Table of Contents
- Why We Wrote This
- Who Should Read This
- What Does RFM Stand For?
- The Origins of RFM Analysis
- How to Calculate RFM Scores
- Deriving Customer Segments from RFM Scores
- Recency, Frequency, and Modern Machine Learning
- RFM Analysis in Excel or Google Sheets
Why we wrote this
This article will teach you how to use Recency, Frequency, and Monetary (RFM) analysis to score and rank individual customers or customer groups in your database.
RFM Analysis enables data-driven eCommerce marketers to predict the behavior of new customers, deliver more relevant marketing campaigns, enhance their customer segmentation strategies, drive customer loyalty and trigger marketing programs when important RFM score changes occur. This customer segmentation technique will, in turn, create marketing programs with higher response rates and conversion rates.

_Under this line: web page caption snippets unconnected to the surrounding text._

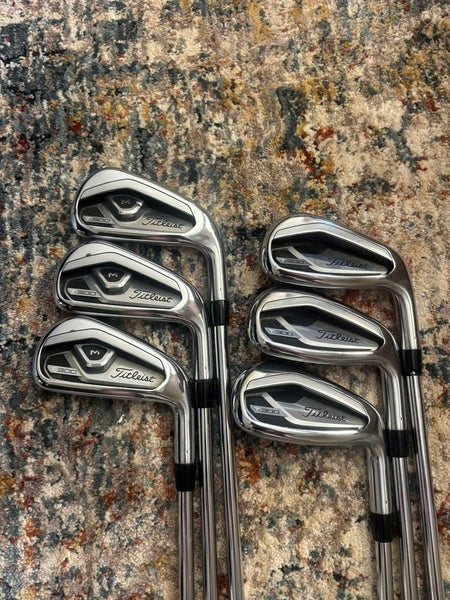 Titleist 2021 T300 Iron Set 5-PW AMT Red R300 Regular Flex STD NICE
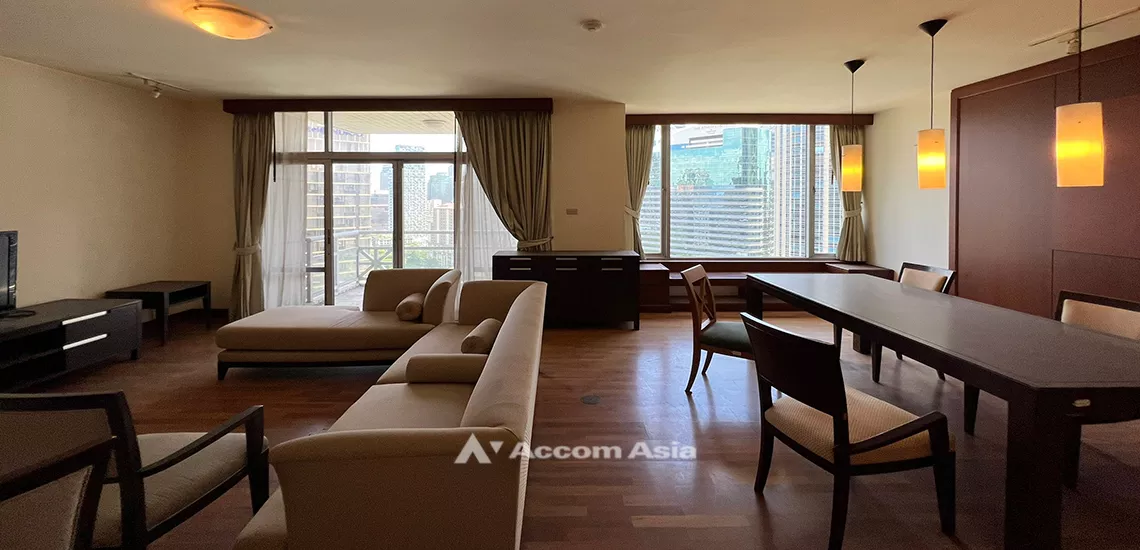 Pet friendly |  3 Bedrooms  Condominium For Sale in Ploenchit, Bangkok  near BTS Ploenchit (AA31909)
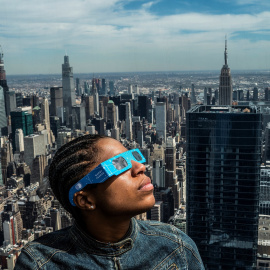 08/04/2024 Una persona observa el comienzo del eclipse en la plataforma de observación de Edge en Hudson Yards en Nueva York, EE.UU, a 8 de abril de 2024.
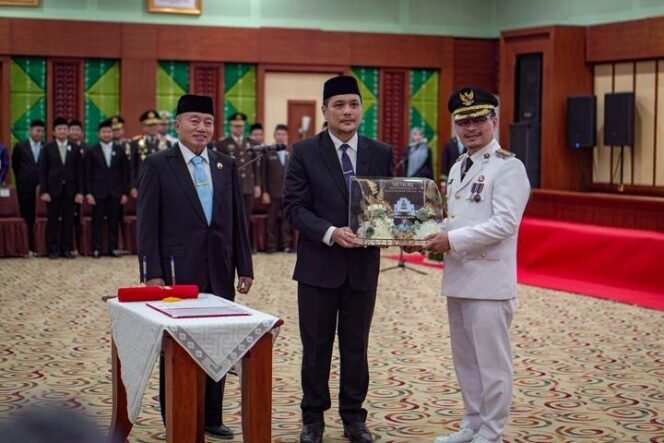 
 Sertijab dari HM Aditya Mufti Ariffin, Wali Kota Banjarbaru periode 2021-2025, kepada Subhan Nor Yaumil sebagai Pj Walikota Banjarbaru, Kamis (27/3/2025). foto-MC Banjarbaru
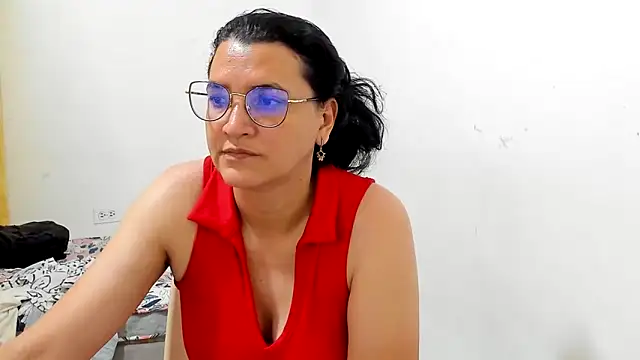MARILYN_GARCIA live cam on StripChat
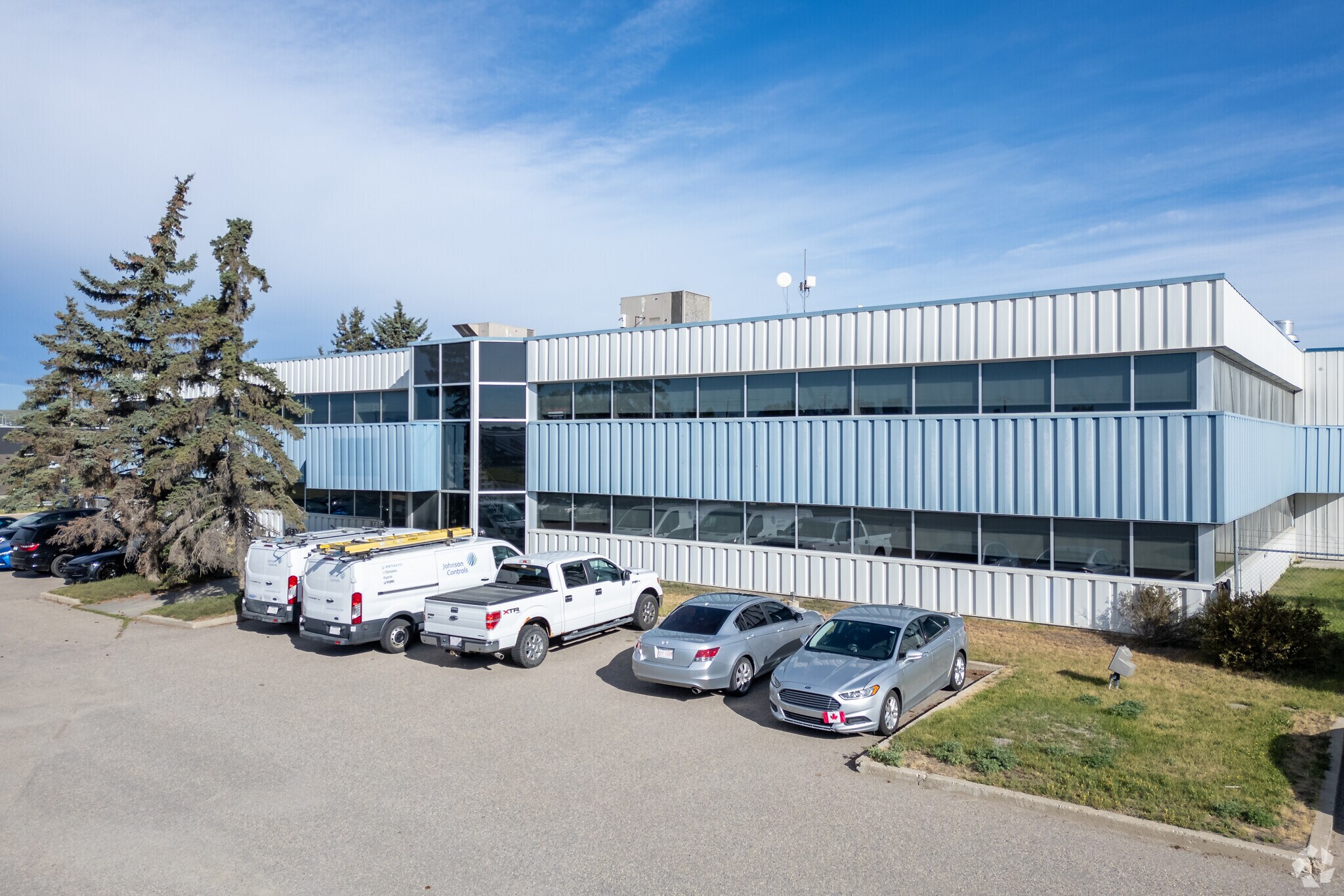 424 Aviation Rd NE, Calgary, AB for sale Primary Photo- Image 1 of 1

The thing that we love most about RFM is that you don’t need fancy, expensive analytics tools to get started. Simply export your customer file as a .csv and you’re ready to dive in.
Who should read this
This guide is written for data-driven eCommerce marketers, data mining enthusiasts, database marketing students, and retail Founders seeking to deliver more profitable and relevant direct marketing programs to their customer base. RFM Analysis inherently eliminates marketing waste by providing a framework to avoid allocation of marketing before it’s actually necessary.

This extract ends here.